The Austrian composer Wolfgang Amadeus Mozart was the first to write for this combination of instruments with his "Kegelstatt" Trio, K. 498 (1786). which helped to popularize the clarinet in classical music. German composers Robert Schumann and Max Bruch also wrote early pieces for the clarinet, viola and piano; the combination has been increasingly written for during the modern era.
A clarinet-viola-piano trio, or trio for clarinet, viola and piano is a work of chamber music written for a musical ensemble consisting of a viola player (or violist), a clarinettist, and pianist. The term clarinet, viola and piano trio is also used as a description of these musicians.
This combination of instruments differs from the traditional piano trio instrumentation—for piano, violin and violoncello—and other combinations, such as for clarinet-violin-piano trio and the clarinet-cello-piano trio, as the viola and the clarinet share roughly the same musical range. The combination of viola and clarinet is distinguished by the tone quality of the instruments rather than by the register (i.e. the height of the pitch), as with a violin compared with a 'cello).
The Austrian composer Wolfgang Amadeus Mozart was the first to write for this combination of instruments with his "Kegelstatt" Trio, K. 498 (1786). Mozart's Trio, along with his Clarinet Quintet, K. 581 (1789) and Clarinet Concerto, K. 622 (1791), were written when the clarinet was a relatively newly invented instrument. The three compositions featured the clarinet and were responsible for popularizing the instrument's use in chamber and orchestral works. German composers Robert Schumann (1810–1856) and Max Bruch (1838–1920) also wrote for the clarinet, viola and piano.

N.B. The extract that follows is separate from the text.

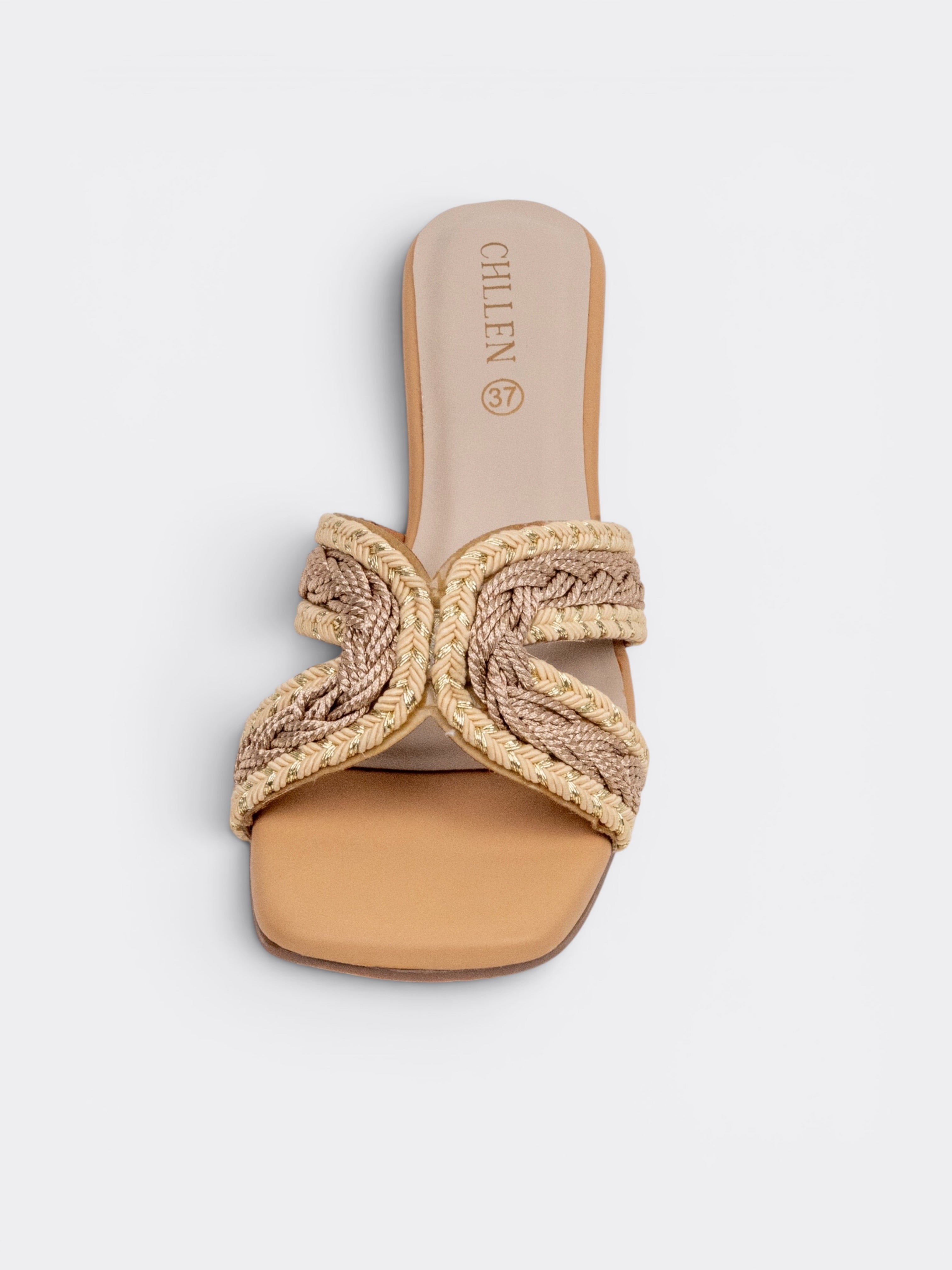 CHLLEN Handwoven Braided Cross Strap Wedge Slides for Women Beige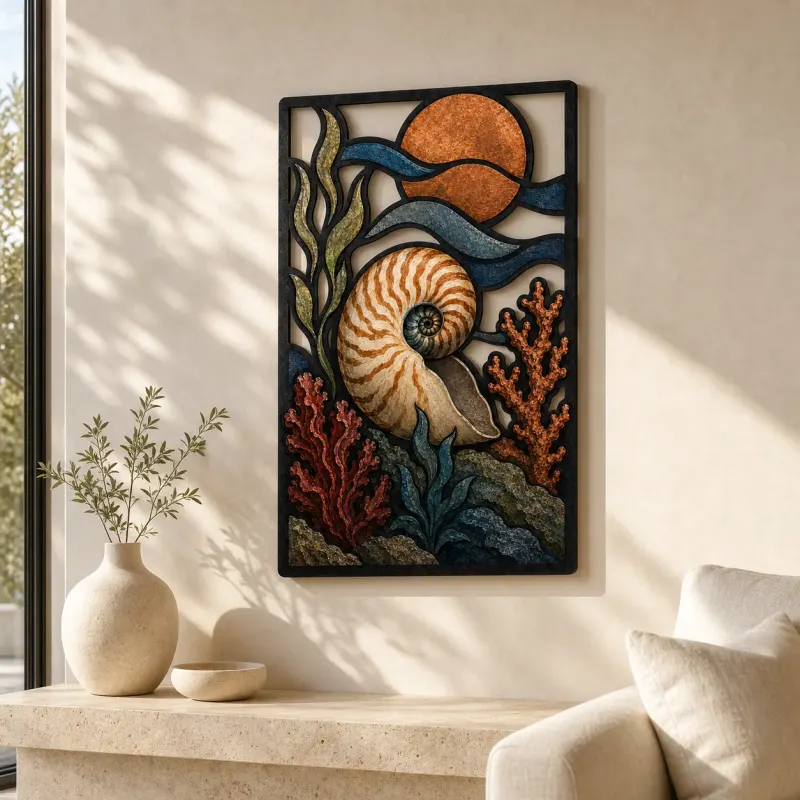 Nautilus Shell with Coral and Copper Moon Colorful Metal Wall Art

Works scored for clarinet, viola, and piano have gained increasing popularity in the modern era. The repertoire includes:
Although not originally intended as a chamber music work, the works of several composers who have written concerti for viola and clarinet have been arranged for a trio with the orchestral part condensed and arranged for piano. Notably, the Double Concerto for viola, clarinet and orchestra, Op. 88 (1911) of Max Bruch has been arranged for viola, clarinet and piano. Other concertos with these solo instruments include a concerto by Aulis Sallinen and Alternatim (1997) by Luciano Berio.